**Task brief**
Find the line with "Question 76 of" in the entries below, then output every line from it down to the line with "Statistica 13.4 was", exactly and with no pictures.

Data for processing section start

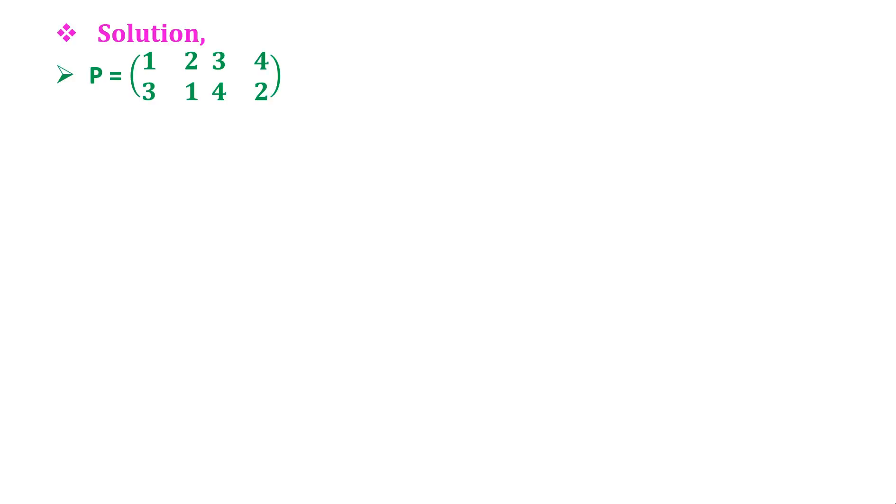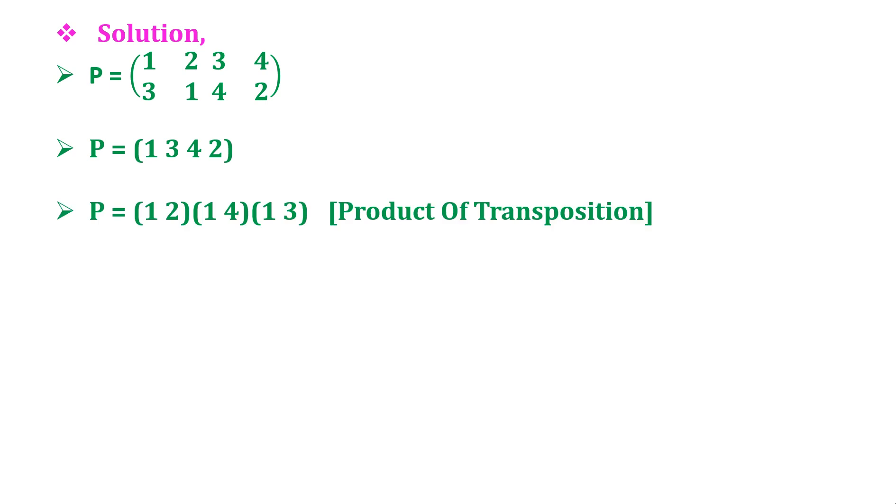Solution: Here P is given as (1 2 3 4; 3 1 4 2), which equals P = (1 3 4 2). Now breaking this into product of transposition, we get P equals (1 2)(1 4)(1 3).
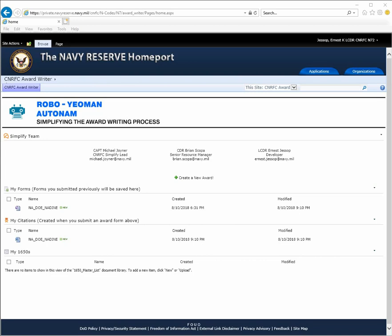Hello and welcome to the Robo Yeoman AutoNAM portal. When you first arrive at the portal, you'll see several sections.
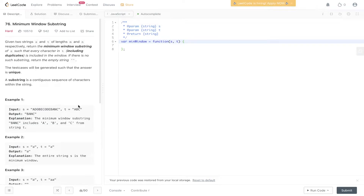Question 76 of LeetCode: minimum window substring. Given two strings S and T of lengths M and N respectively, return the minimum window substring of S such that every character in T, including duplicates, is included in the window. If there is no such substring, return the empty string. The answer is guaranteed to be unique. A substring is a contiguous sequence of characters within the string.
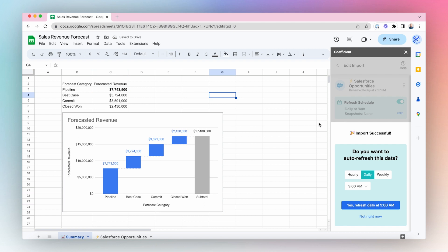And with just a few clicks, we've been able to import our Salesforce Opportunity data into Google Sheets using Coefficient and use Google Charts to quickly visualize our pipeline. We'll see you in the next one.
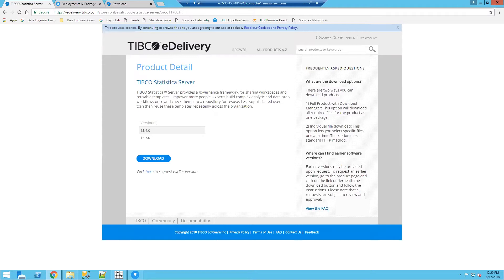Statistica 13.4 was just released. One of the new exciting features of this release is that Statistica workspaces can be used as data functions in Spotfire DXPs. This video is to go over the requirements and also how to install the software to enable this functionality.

Data for processing section end
Data for processing section start

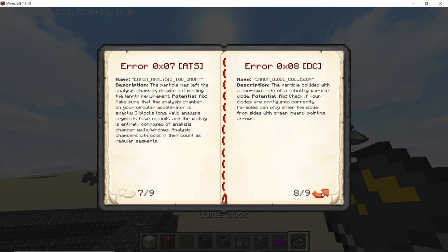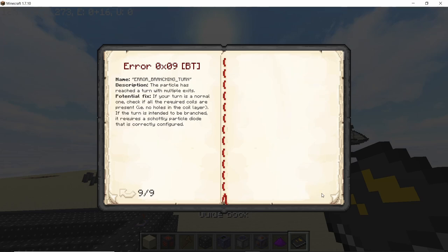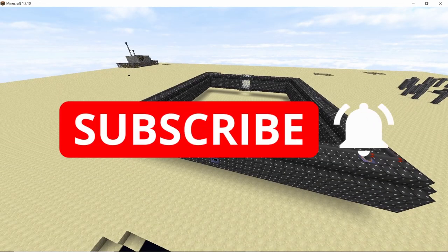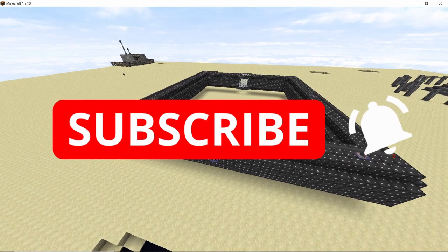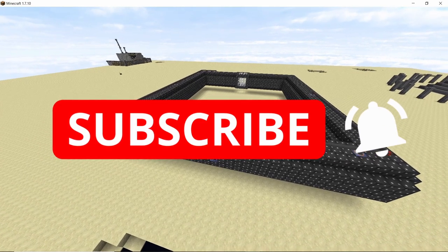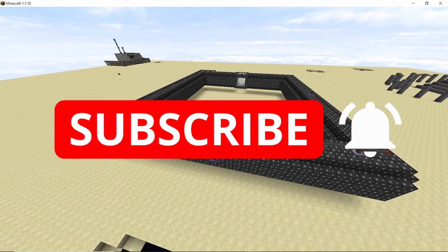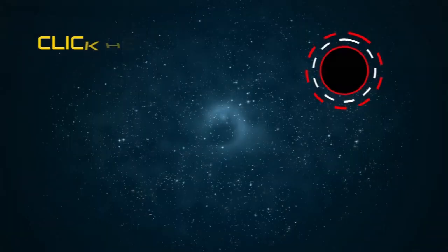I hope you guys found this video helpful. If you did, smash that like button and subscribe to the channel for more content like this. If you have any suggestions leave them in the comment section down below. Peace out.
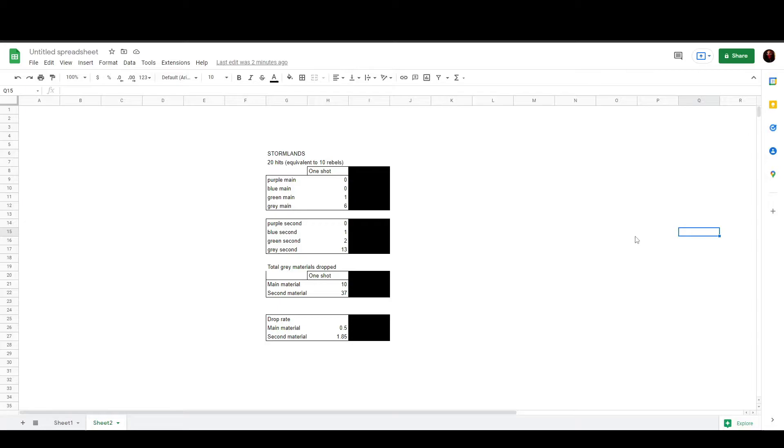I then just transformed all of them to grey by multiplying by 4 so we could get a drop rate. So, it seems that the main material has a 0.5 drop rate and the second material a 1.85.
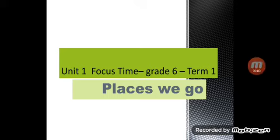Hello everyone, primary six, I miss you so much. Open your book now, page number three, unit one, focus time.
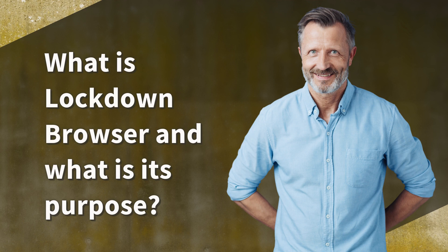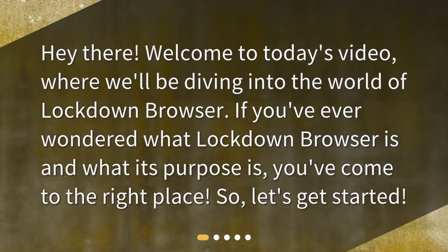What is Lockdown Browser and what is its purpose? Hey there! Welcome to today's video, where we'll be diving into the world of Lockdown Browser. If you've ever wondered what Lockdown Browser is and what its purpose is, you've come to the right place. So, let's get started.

Data for processing section end

**Answer**
Question 76 of LeetCode: minimum window substring. Given two strings S and T of lengths M and N respectively, return the minimum window substring of S such that every character in T, including duplicates, is included in the window. If there is no such substring, return the empty string. The answer is guaranteed to be unique. A substring is a contiguous sequence of characters within the string.
And with just a few clicks, we've been able to import our Salesforce Opportunity data into Google Sheets using Coefficient and use Google Charts to quickly visualize our pipeline. We'll see you in the next one.
Statistica 13.4 was just released. One of the new exciting features of this release is that Statistica workspaces can be used as data functions in Spotfire DXPs. This video is to go over the requirements and also how to install the software to enable this functionality.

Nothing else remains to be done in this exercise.